仮に、X-1年1月4日に提出した場合、第4期(X年)から
「課税事業者選択届出書」の効力がなくなるため、
そのため、第3期(X-1年)は課税事業者となります。

仮に、消費税の還付や納付を試算した結果、
第2期の還付額<第3期の納付額となる場合は、
課税事業者を選択しない方が有利になります。

参考規定

2年縛りの規定

6 前項の場合において、第四項の規定による届出書を提出した事業者は、事業を廃止した場合を除き、同項に規定する翌課税期間の初日から二年を経過する日の属する課税期間の初日以後でなければ、同項の規定の適用を受けることをやめようとする旨を記載した届出書を提出することができない。

消費税法9条第6項

その他の規定

4 第一項本文の規定により消費税を納める義務が免除されることとなる事業者が、その基準期間における課税売上高(同項に規定する基準期間における課税売上高をいう。
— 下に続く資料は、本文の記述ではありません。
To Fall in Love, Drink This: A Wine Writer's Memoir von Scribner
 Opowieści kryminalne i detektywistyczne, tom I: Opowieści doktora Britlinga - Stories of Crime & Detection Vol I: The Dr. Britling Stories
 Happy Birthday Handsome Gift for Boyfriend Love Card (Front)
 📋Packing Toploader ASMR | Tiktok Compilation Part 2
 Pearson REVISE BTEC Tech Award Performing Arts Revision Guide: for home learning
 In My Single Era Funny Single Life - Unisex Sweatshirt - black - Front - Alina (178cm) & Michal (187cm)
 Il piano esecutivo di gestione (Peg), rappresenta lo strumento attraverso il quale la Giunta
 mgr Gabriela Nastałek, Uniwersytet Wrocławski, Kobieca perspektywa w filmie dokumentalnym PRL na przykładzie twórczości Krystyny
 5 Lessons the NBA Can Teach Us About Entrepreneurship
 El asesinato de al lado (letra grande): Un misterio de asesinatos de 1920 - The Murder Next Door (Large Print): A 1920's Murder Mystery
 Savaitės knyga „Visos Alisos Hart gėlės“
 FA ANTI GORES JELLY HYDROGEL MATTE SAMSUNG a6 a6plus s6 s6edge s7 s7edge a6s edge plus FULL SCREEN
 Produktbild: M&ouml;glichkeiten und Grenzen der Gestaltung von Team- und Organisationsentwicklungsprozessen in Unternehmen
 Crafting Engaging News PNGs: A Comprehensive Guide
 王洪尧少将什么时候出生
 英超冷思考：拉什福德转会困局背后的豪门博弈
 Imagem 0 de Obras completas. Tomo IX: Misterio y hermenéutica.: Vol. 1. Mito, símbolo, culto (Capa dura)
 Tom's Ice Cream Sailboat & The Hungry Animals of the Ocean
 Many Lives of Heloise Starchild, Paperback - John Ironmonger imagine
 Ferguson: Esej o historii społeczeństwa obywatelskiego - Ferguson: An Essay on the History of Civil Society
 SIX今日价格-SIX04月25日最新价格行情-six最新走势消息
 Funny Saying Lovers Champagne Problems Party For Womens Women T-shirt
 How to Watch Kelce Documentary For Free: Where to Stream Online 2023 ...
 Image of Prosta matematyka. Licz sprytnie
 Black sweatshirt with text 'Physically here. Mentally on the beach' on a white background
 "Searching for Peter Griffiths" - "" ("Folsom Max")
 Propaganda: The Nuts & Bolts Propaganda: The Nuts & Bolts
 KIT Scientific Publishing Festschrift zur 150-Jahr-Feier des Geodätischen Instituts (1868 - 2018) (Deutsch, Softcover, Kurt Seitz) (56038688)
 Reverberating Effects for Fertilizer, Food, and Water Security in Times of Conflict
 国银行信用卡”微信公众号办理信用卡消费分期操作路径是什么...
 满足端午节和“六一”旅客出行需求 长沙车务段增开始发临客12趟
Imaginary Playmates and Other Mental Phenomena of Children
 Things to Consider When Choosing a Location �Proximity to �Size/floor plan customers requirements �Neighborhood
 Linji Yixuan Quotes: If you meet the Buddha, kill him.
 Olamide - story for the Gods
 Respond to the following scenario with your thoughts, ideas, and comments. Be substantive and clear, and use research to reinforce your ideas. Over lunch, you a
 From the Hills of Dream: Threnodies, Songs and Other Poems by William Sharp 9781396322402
第十一条第四項及び第十二条第三項を除き、以下この章において同じ。)が千万円以下である課税期間につき、第一項本文の規定の適用を受けない旨を記載した届出書をその納税地を所轄する税務署長に提出した場合には、当該提出をした事業者が当該提出をした日の属する課税期間の翌課税期間(当該提出をした日の属する課税期間が事業を開始した日の属する課税期間その他の政令で定める課税期間である場合には、当該課税期間)以後の課税期間(その基準期間における課税売上高が千万円を超える課税期間を除く。)中に国内において行う課税資産の譲渡等及び特定課税仕入れについては、同項本文の規定は、適用しない。

5 前項の規定による届出書を提出した事業者は、同項の規定の適用を受けることをやめようとするとき、又は事業を廃止したときは、その旨を記載した届出書をその納税地を所轄する税務署長に提出しなければならない。

6 前項の場合において、第四項の規定による届出書を提出した事業者は、事業を廃止した場合を除き、同項に規定する翌課税期間の初日から二年を経過する日の属する課税期間の初日以後でなければ、同項の規定の適用を受けることをやめようとする旨を記載した届出書を提出することができない。

8 第五項の規定による届出書の提出があつたときは、その提出があつた日の属する課税期間の末日の翌日以後は、第四項の規定による届出は、その効力を失う。